Microplastics are widespread contaminants in water, posing risks to marine ecosystems and human health. Current filtration methods struggle to remove them effectively due to their small size, various types and inert properties. This project proposes a novel eco-friendly solution using water-immiscible liquids to capture microplastics via capillary agglomeration, enabling an easy and sustainable subsequent water-microplastics separation. A high-throughput molecular dynamics approach will identify the most efficient capturing liquids by testing various microplastics against hundreds of candidates. The project will also develop phase diagrams to map microplastics agglomeration behavior, providing new guidelines for sustainable microplastics removal from wastewater effluents.
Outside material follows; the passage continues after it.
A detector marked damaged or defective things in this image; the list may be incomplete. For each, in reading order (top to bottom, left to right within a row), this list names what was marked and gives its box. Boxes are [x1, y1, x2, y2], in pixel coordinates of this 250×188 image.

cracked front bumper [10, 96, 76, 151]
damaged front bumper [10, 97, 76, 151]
A novel, smart way to process concrete is additive manufacturing. It allows the production of custom-made concrete objects with highly specific shapes and properties, with applications in the creative industry, architecture, landscaping, and more. This project aims to develop a smart additive manufacturing process for concrete products, in which the final product properties are optimized using a digital twin. The digital twin approach integrates product design into the manufacturing process, allowing for on-the-fly optimisation and aiming to reach first-right manufacturability. Furthermore, it empowers to develop an efficient advanced manufacturing process and novel products with improved quality features and higher durability/sustainability.
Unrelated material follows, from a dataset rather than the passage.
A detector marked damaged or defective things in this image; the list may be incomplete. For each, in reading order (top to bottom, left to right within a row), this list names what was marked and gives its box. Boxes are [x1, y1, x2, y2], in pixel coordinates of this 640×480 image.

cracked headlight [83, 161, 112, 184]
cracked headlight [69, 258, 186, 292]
Particulate materials are the most manipulated substance on the planet, after water. They are of paramount importance to the chemical-pharmaceutical, agri-food, energy, high-tech manufacturing, mining, and construction industries. However, their unique behaviour cannot be captured comprehensively in macroscopic (continuum) models, while microscopic (discrete) models are too inefficient to handle the enormous number of particles. This has so far prevented the development of efficient computational models for particulates, which already exist for fluids and solids. Hence, while cars and airplanes are nowadays designed on the computer, particulate-handling industries still rely on time-consuming and expensive experimentation. To realise virtual prototyping of particulate processes, I will use a novel multiscale approach, microscopically resolving regions where general macroscopic models fail. From these multiscale simulations, I will extract efficient, application-specific macro-models and use them to understand and design innovative particulate-handling machinery. Two timely applications will be developed in collaboration with industry: additive manufacturing, the future of many high-tech industries; and continuous granulation, an aspiration of the pharma industry. Rapid prototyping will be used to create miniature setups, enabling validation and calibration from a single experiment. I am uniquely positioned to carry out this research, having extensive experience in micro- and macro-modelling, coupling, open-source development, model validation, and mesh refinement. The central pillar of this project is coarse-graining, an innovative new coupling technique, developed by me, that is used by universities and industry around the world. Via coarse-graining, my team will integrate two highly-regarded open-source softwares, MercuryDPM, which I founded, and oomph-lib. We will be the first to apply goal-oriented refinement to particulate systems, guaranteeing efficiency and robustness of the integrated software. All advanced algorithms created in this project will be released open-source, meaning immediate dissemination to academia and industry. This will enable a significant speed-up in the design and optimisation of numerous particulate-handling applications.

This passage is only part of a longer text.